Глава пятьдесят четвёртая
МНОГОЕ ПРОЯСНЯЕТСЯ
— Инженер Курносик был главным и единственным специалистом-робототехником на «Волчке», — начал свой рассказ Прибамбас. — Коротышка он был так себе, не очень.
Хвастлив, заносчив. Но дело своё знал, работал много и увлечённо. Беспокойный был коротышка, всё время норовил выпрыгнуть из собственных штанов… М-да… Так вот, получаем мы приказ перебросить пятнадцать душ трудоголиков и пятнадцать душ голодранцев на Землю по программе Созидания Будущего.
— Простите, — вмешался Незнайка, — а кто это такие — трудоголики и голодранцы? И ещё дальше вы что-то такое непонятное сказали…
— Да?.. — неуверенно сказал адмирал. — Ну, трудоголики — это… Нет, знаете что, я про всё это отдельно расскажу, иначе сам запутаюсь. Я вам про Курносика рассказываю? Вот и слушайте, а вопросы будете после задавать. Так вот… Я, стало быть, с самого начала не очень-то хотел этого Курносика брать на корабль.
Весь экипаж — двое коротышек: командир да инженер. На первом этаже — роботы с арестантами. С роботами, сами понимаете, особенно не поговоришь, а с арестантами разговаривать вообще запрещено. Но мне его на Колобке главный инженер навязал.
Это, говорит, наш лучший специалист; гордость, говорит, робототехники. Я, говорит, в таком ответственном деле никому другому не доверяю. А Курносику это он, значит, доверял.

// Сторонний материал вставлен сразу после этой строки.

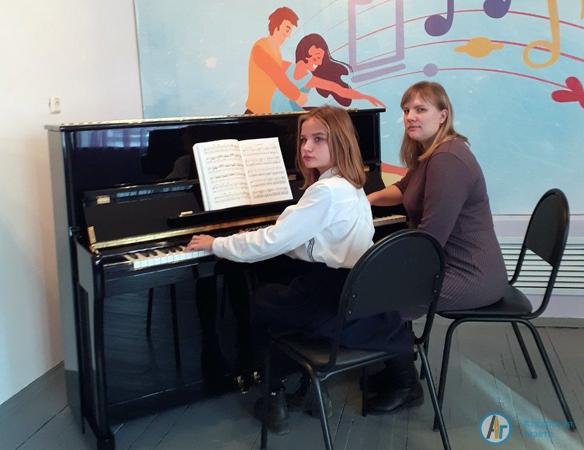 Детская школа искусств получила новое фортепиано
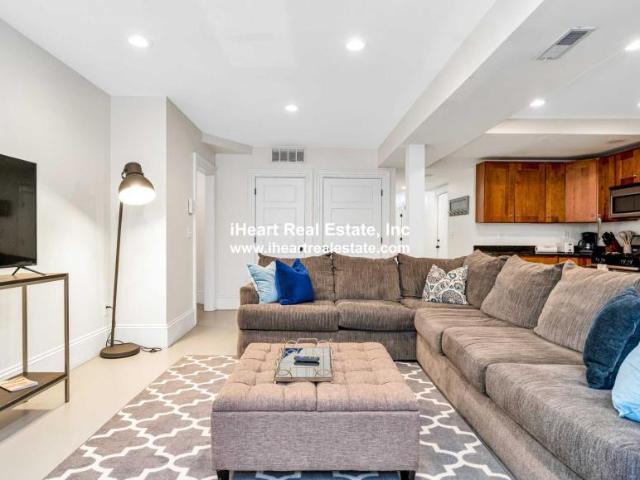 4 bedroom, Newton MA 02467 LS98396008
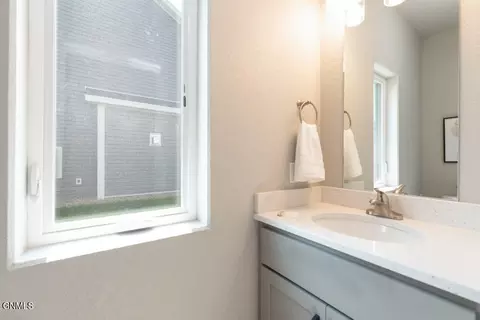 Bath - 4801 Cornice Loop, Bismarck, ND 58503 photo 1 of 2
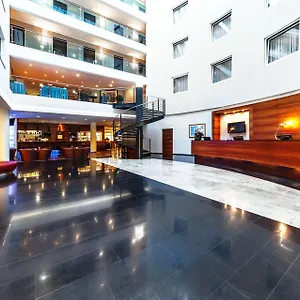 **** Hotel Nh Hungría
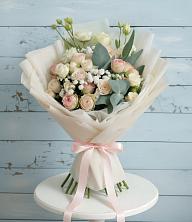 Букет цветов из:  Розы и Лизиантусы в Уве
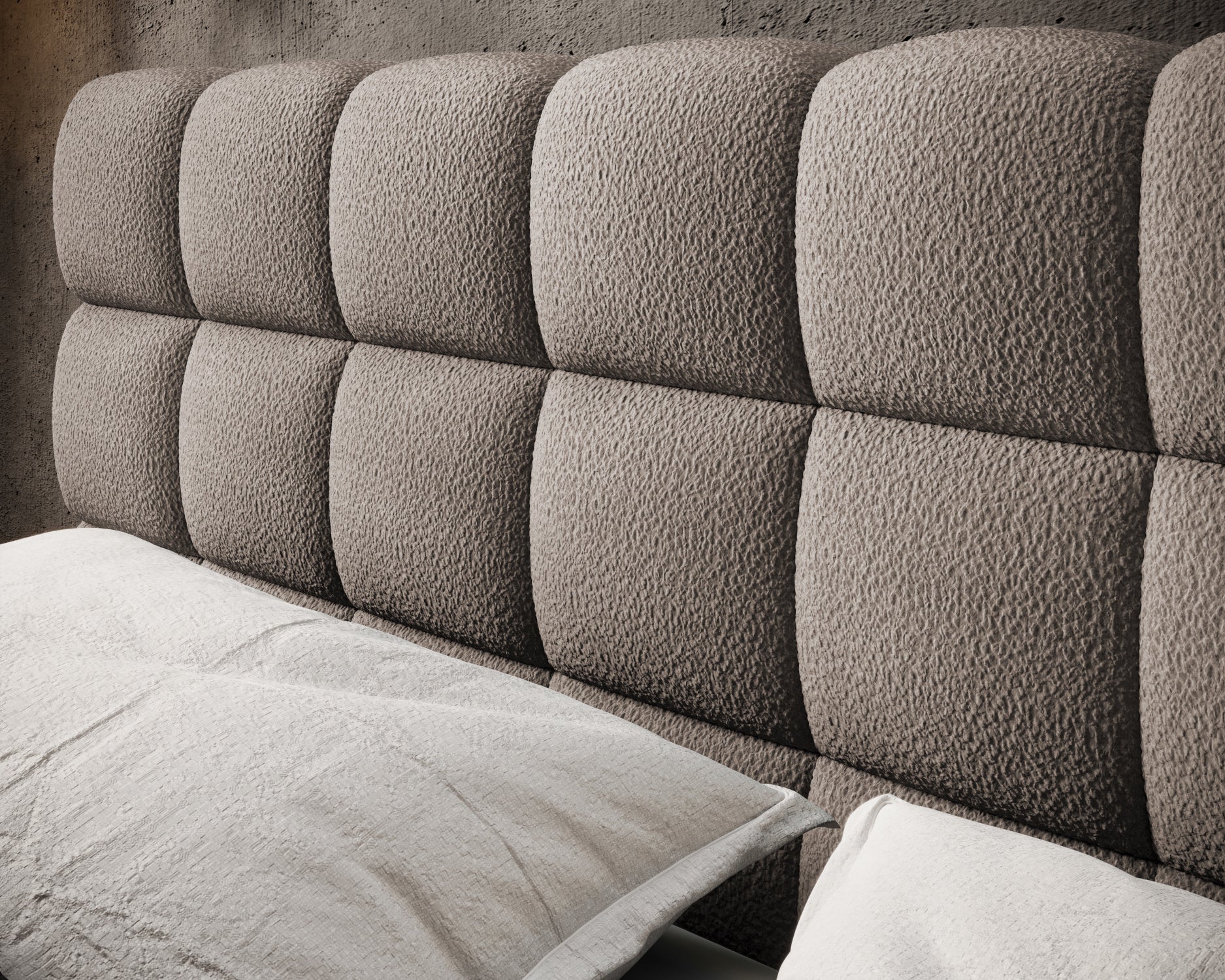 Zbliżenie na fakturę pikowanego zagłówka łóżka Magentta w tkaninie Amore 20 jasnobrązowy, podkreślające strukturę i jakość wykończenia.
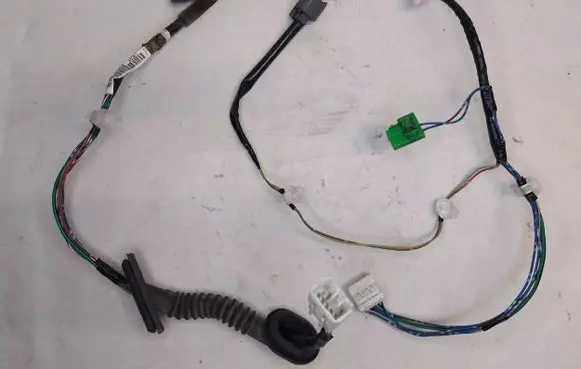 Subaru Legacy Rear door wiring loom 81822AG000 6B84MB2900351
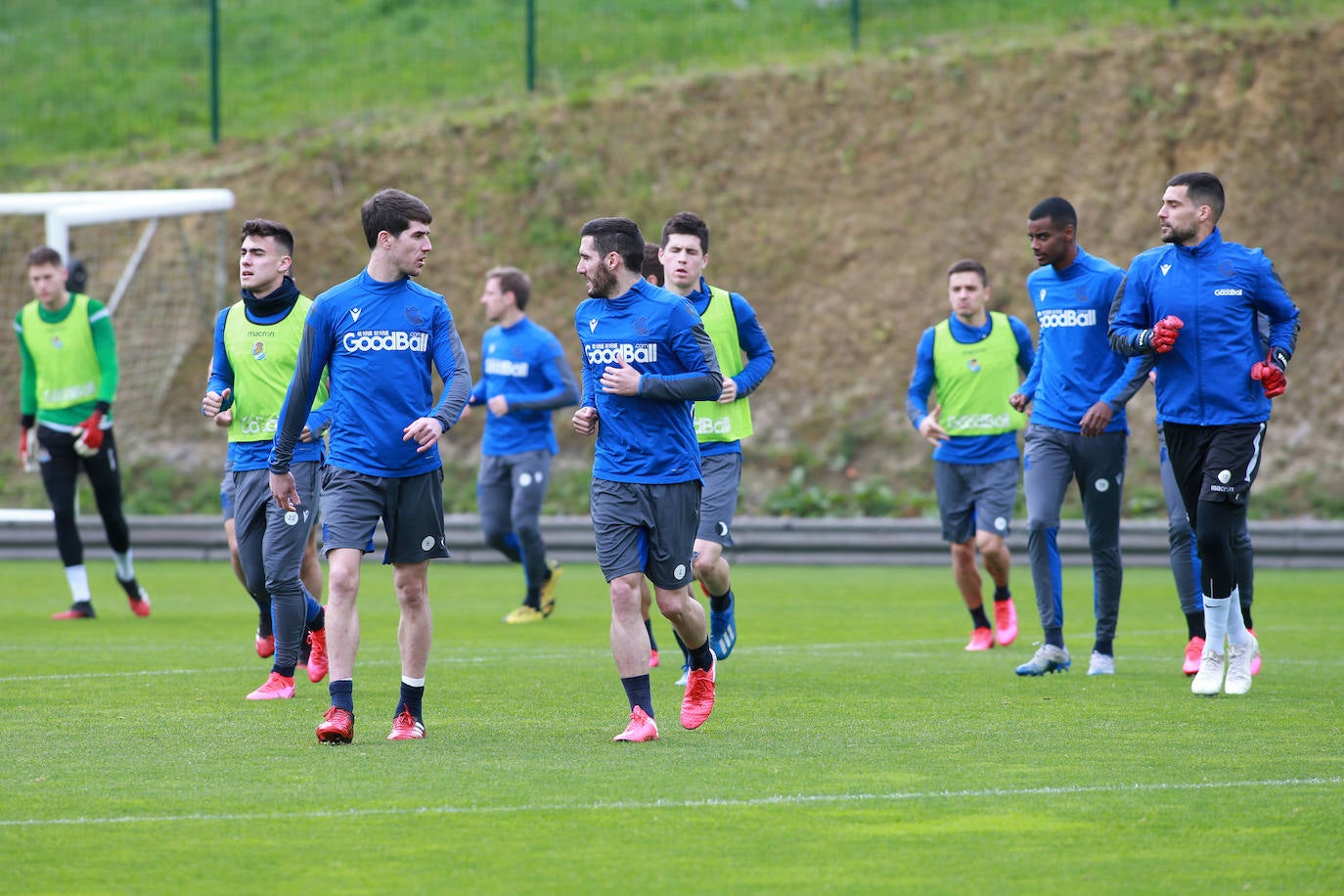 Los jugadores de la Real Sociedad han entrenado este lunes para preparar el derbi de mañana ante el Eibar en Ipurua.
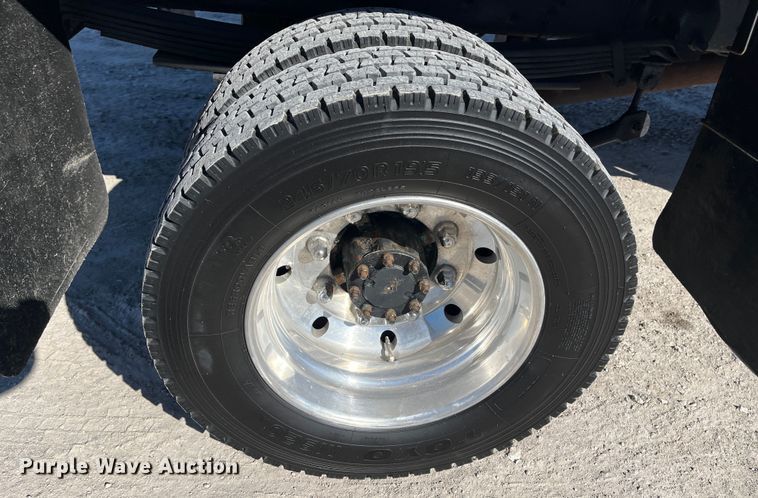 image for item DR7455 2005 Chevrolet C5500  dump truck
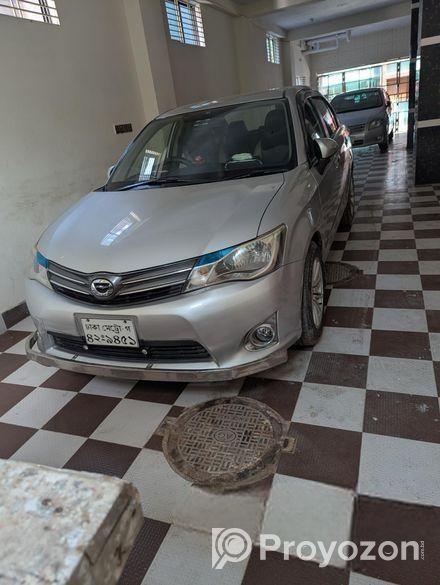 Toyota Axio . 2013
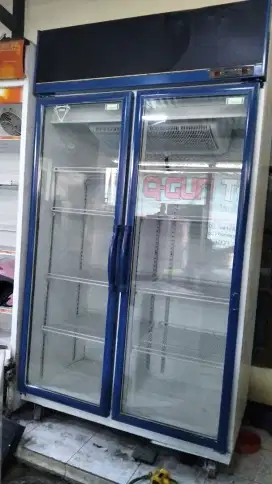 Showcase Daimitsu 1050 liter Mulus Terawat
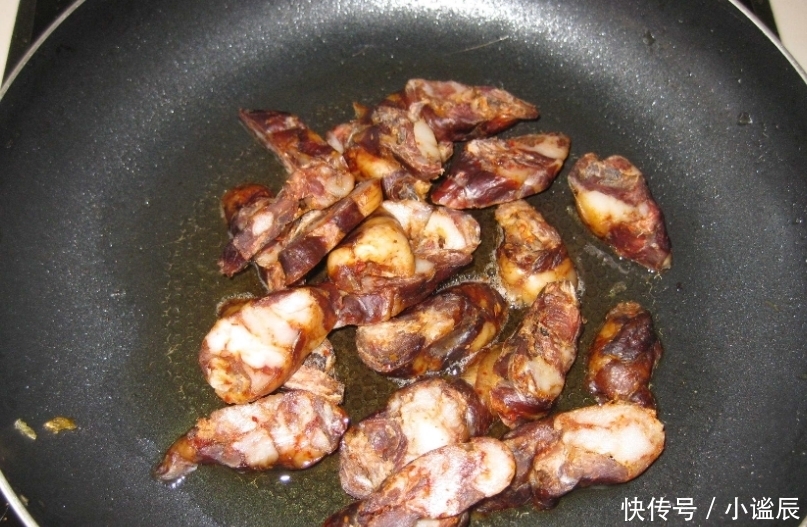 入冬就要吃此道菜,既省事又下饭,都不需要放盐,特好吃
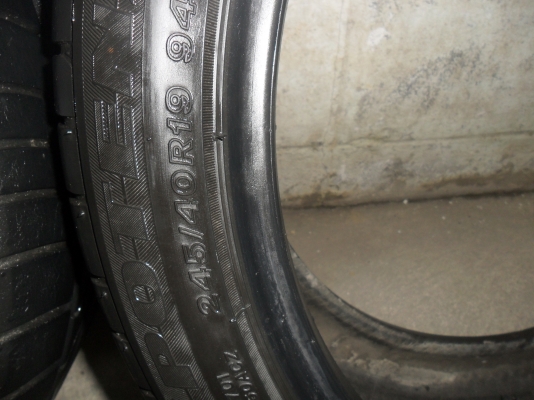 ยาง BRIDGESTONE RSF รันเฟส 245/40R19 ปี08 สวยๆ 1 คู่ ราคา 2500 บาท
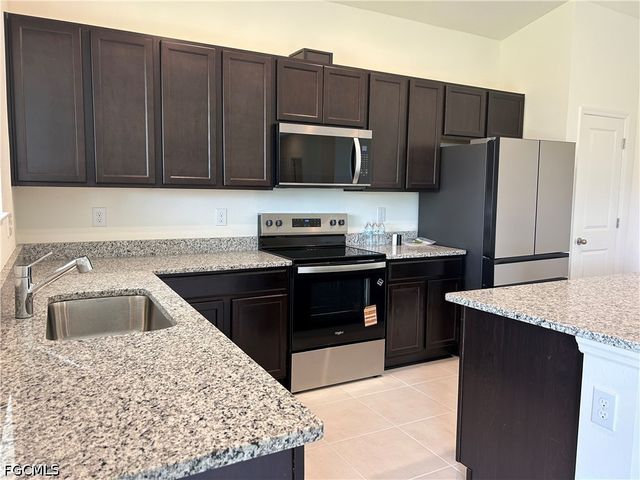 6548 Estero Bay DR, Fort Myers, FL 33908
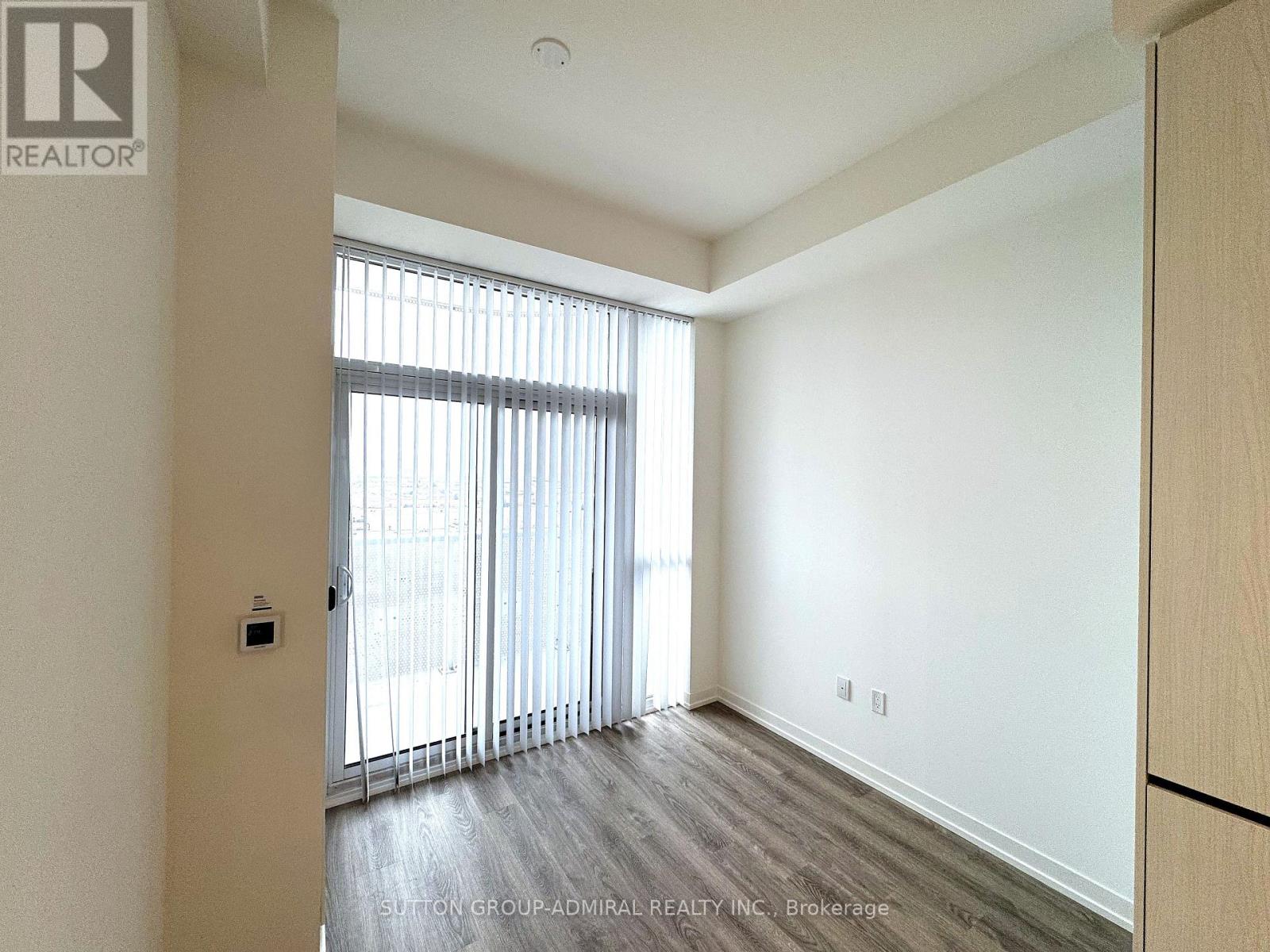 1608 - 8 Interchange Way E, Vaughan, Ontario  L4K 0R2 - Photo 17 - N12550406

Ну, приказ есть приказ. У нас приказы не обсуждают.
Да и сам Курносик этот, как мне показалось, за последнее время вроде как сильно изменился. Спокойнее стал, что ли… Я тогда ещё не знал, что это в нём за перемены такие происходят.
Ну, погрузились на «Волчок». Старт. Четыре минуты телетранспортиру емся.
Вот она, Солнечная система, всё верно, всё чин чинарём.
Летим на Землю. У нас тут, на этом острове (114486-3 по Звёздному каталогу), давно местечко насижено.
Лететь в космосе — не телетранспортироваться. Времени нужно месяц, да горючего для посадки тыщу вёдер.
Летим, значит, скучаем.
Вернее, это я скучаю, а Курносик всё у себя в лаборатории запирается, что-то там колдует. Со мною почти не разговаривает, обедать не выходит. Ну, думаю, коротышка научными проблемами увлечён, не буду ему мешать. Знать бы мне тогда, какими это он проблемами увлечён… (Адмирал грозно потряс в воздухе кулаком.) Подлетаем, выходим на орбиту, я сажаю корабль на остров, точно в эту дыру, кратер то есть. Работа, доложу я вам, точная, ювелирная! После такой работы устал как собака. Сижу здесь в статоре.» Ноги вытянул, голову откинул, глаза прикрыл.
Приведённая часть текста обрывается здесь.